The Iowa egg producer that federal officials say is at the center of a salmonella outbreak and recalls of more than a half-billion eggs has repeatedly paid fines and settled complaints over health and safety violations and allegations ranging from maintaining a “sexually hostile work environment” to abusing the hens that lay the eggs.
In the past 20 years, according to the public record, the DeCoster family operation, one of the 10 largest egg producers in the country, has withstood a string of reprimands, penalties and complaints about its performance in several states.
In June, for instance, the family agreed to pay a $34,675 fine stemming from allegations of animal cruelty against hens in its 5 million-bird Maine facility. An animal rights group used a hidden camera to document hens suffocating in garbage cans, twirled by their necks , kicked into manure pits to drown and hanging by their feet over conveyer belts. …
DeCoster owns Wright County Egg in Iowa, which last week recalled 380 million eggs distributed nationwide. A federal investigation into 26 outbreaks of salmonella enteritidis, the second-leading cause of food-borne illness, found that 15 of the outbreaks pointed to Wright County Egg.
The DeCoster family also has close ties to Hillandale Farms of Iowa, which on Friday recalled 170 million eggs distributed to 14 states in the Midwest and West after scientists in Minnesota linked one salmonella outbreak to Hillandale. Wright County Egg and Hillandale share suppliers of young chickens and feed, and the DeCoster family put up the money for Hillandale’s founder to purchase Ohio Fresh Eggs, the largest operation in that state….
As the family’s holdings have expanded, so has the list of allegations against it:
- In 1996, DeCoster was fined $3.6 million for health and safety violations at the family’s Turner egg farm, which then-Labor Secretary Robert Reich termed “as dangerous and oppressive as any sweatshop we have seen.” Regulators found that workers had been forced to handle manure and dead chickens with their bare hands and to live in filthy trailers.
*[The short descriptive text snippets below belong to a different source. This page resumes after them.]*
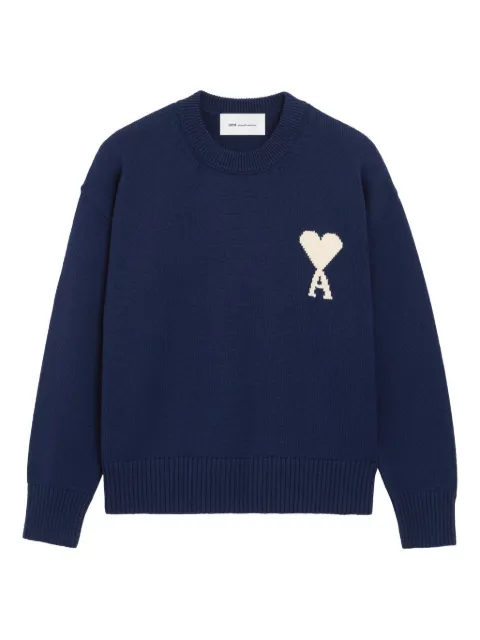 AMI Paris Ami De Coeur sweater Blue E26UKS859KN0156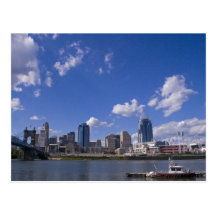 Cincinnati Cityscape Postcard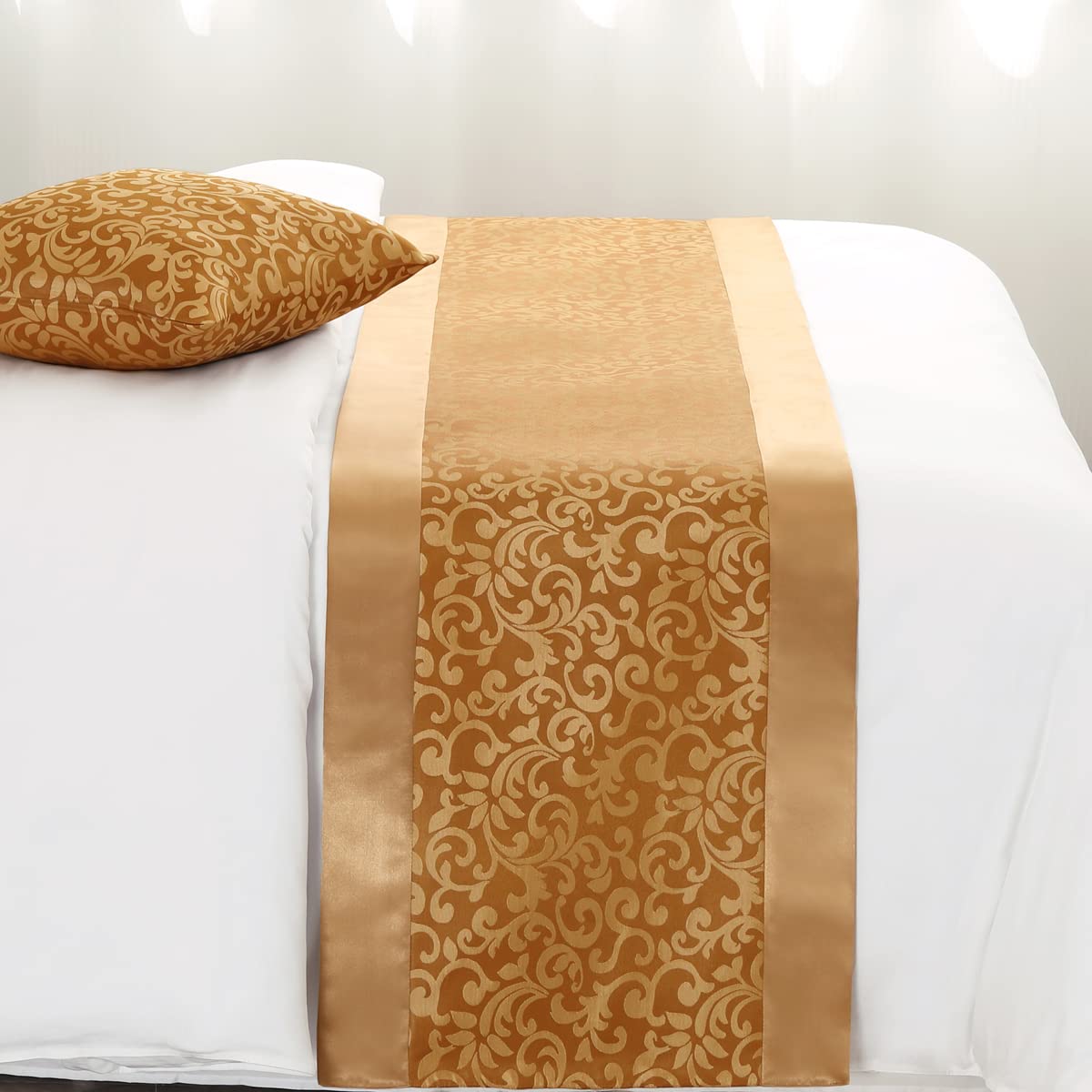AMBERIS Bed Runner, Smooth Comfort Bed Runners & Scarves for Home and Hotel (Pillowcases Sold Separately)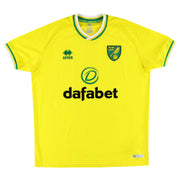 2020-21 Norwich City Errea Home Shirt M - Classic Football Kit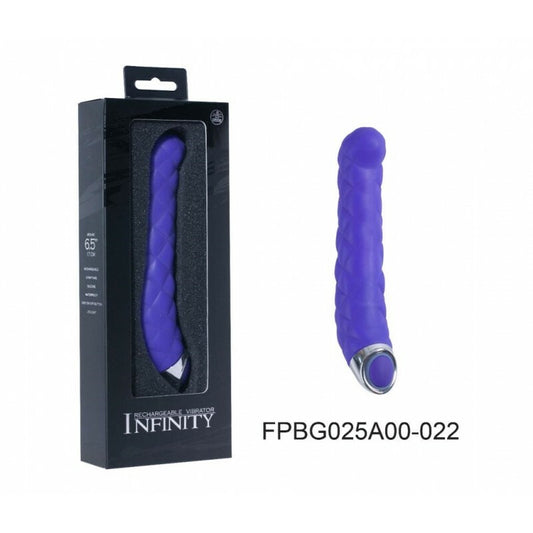 Rechargable Infinity Vibe Lavender Ripple– Powerful Vibrating Dildo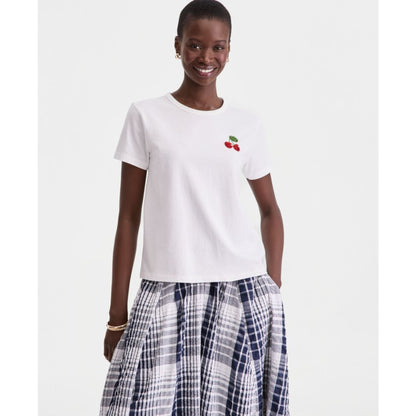 On 34th Women's Beaded Cherry Everyday T-Shirt, Macy's Exclusive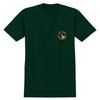 Camiseta Anti Hero Skateboards Paloma Bolsillo Redondo Verde Bosque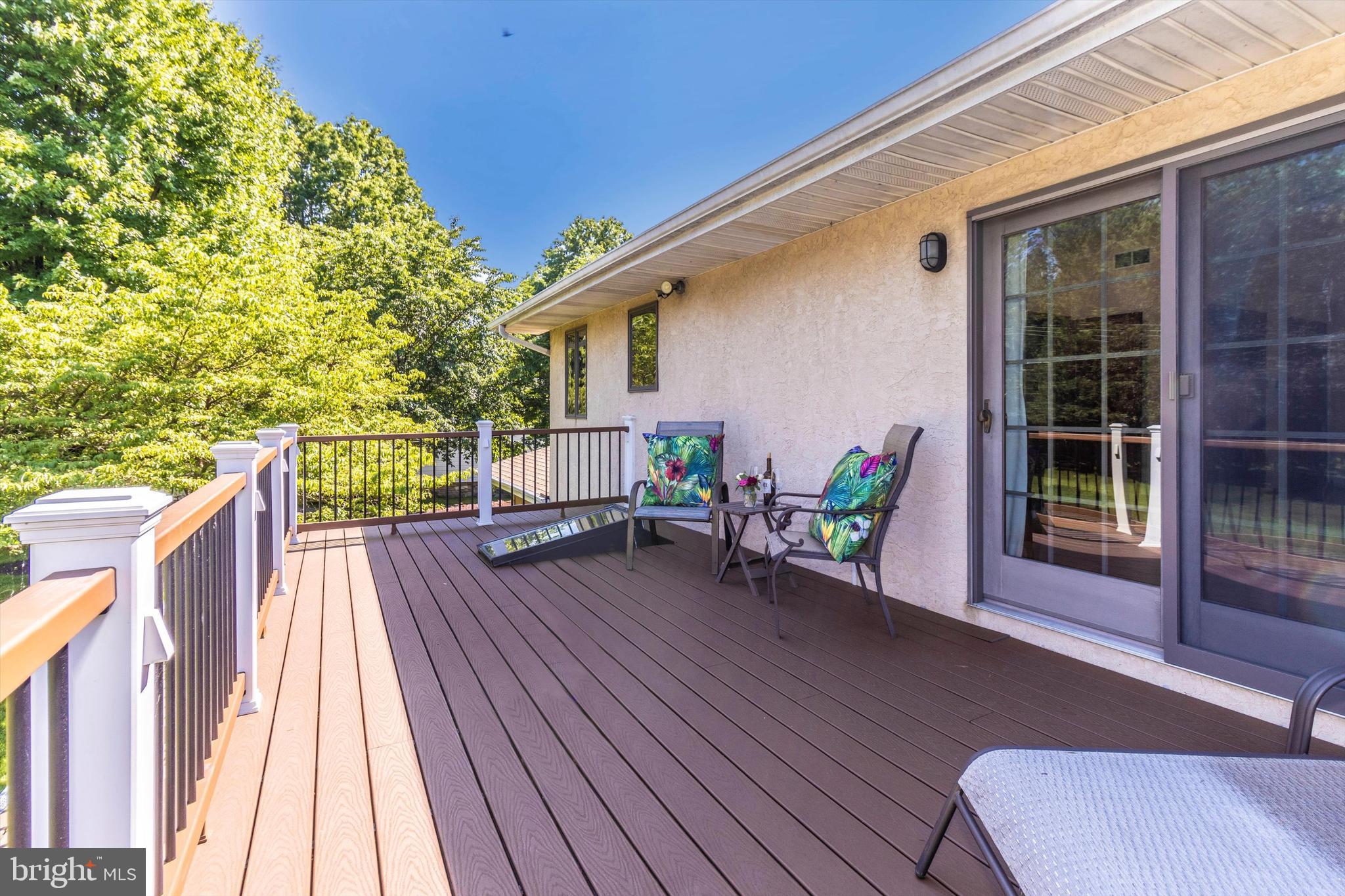 712 Brookhaven Road Wallingford, PA 19086 - Photo 35 of 65 Trex Deck off Primary Bedrm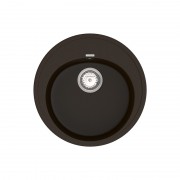 Мийка для кухні Vankor Sity Ø49,5 см кварц шоколад Sity SMR 01.50 Chocolate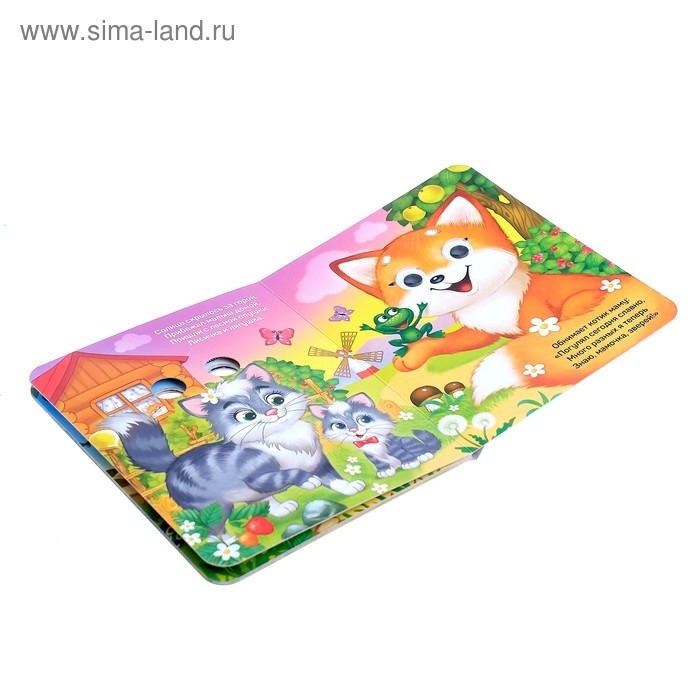 Книга картонная с глазками &laquo;Кто это?&raquo;, 10 стр.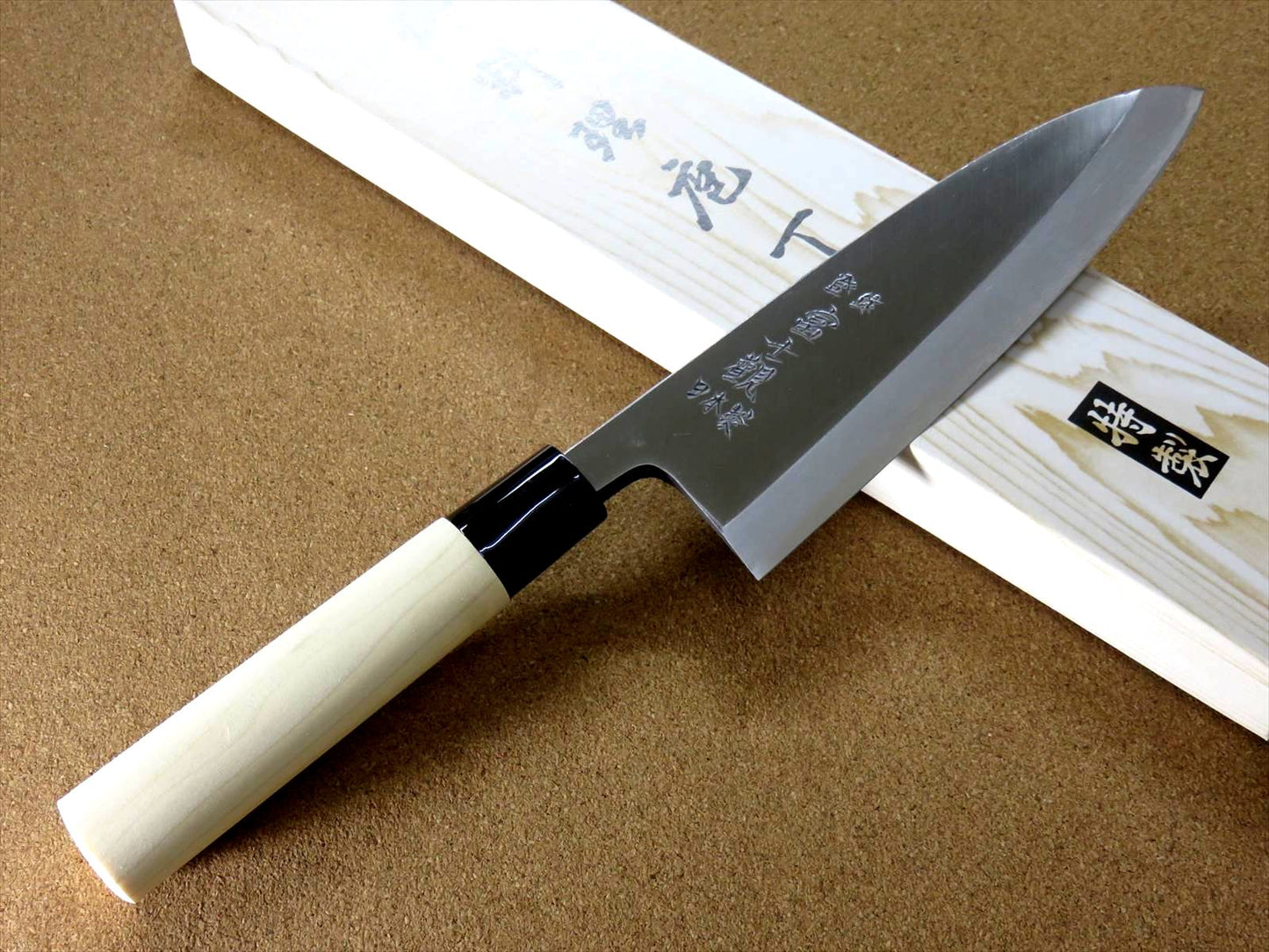 Japanese Kitchen Deba Knife 165mm 6.5 inch Single edged Right handed SEKI JAPAN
- In 1999, the company paid $5 million to settle a class-action lawsuit involving unpaid overtime for 3,000 workers.
- In 2001, the Iowa Supreme Court ruled that DeCoster was a “repeat violator” of state environmental laws, citing violations involving the family’s hog-farming operations. The family was forbidden to expand its hog-farming interests in the state.
- Also in 2001, DeCoster Farms of Iowa settled, for $1.5 million, a complaint brought by the Equal Employment Opportunity Commission that the company had subjected 11 undocumented female workers from Mexico to a “sexually hostile work environment,” including sexual assault and rape by supervisors.
- In 2002, the Occupational Safety and Health Administration fined the family’s Maine Contract Farming branch $345,810 for an array of violations. The same year, DeCoster Egg Farms of Maine paid $3.2 million to settle a lawsuit filed in 1998 by Mexican workers alleging discrimination in housing and working conditions. ….
Bill Marler, a Seattle lawyer who specializes in food safety cases and has already filed one suit in the current outbreak and expects to file another Monday, said the recalls would deal a huge financial blow to the company. But he noted that several companies involved in other major recalls in recent years — for peanuts, spinach and other products — have seen their sales bounce back.
“This may be the straw that breaks the camel’s back, but there are lots of companies with massive recalls . . . that go on their merry way,” he said.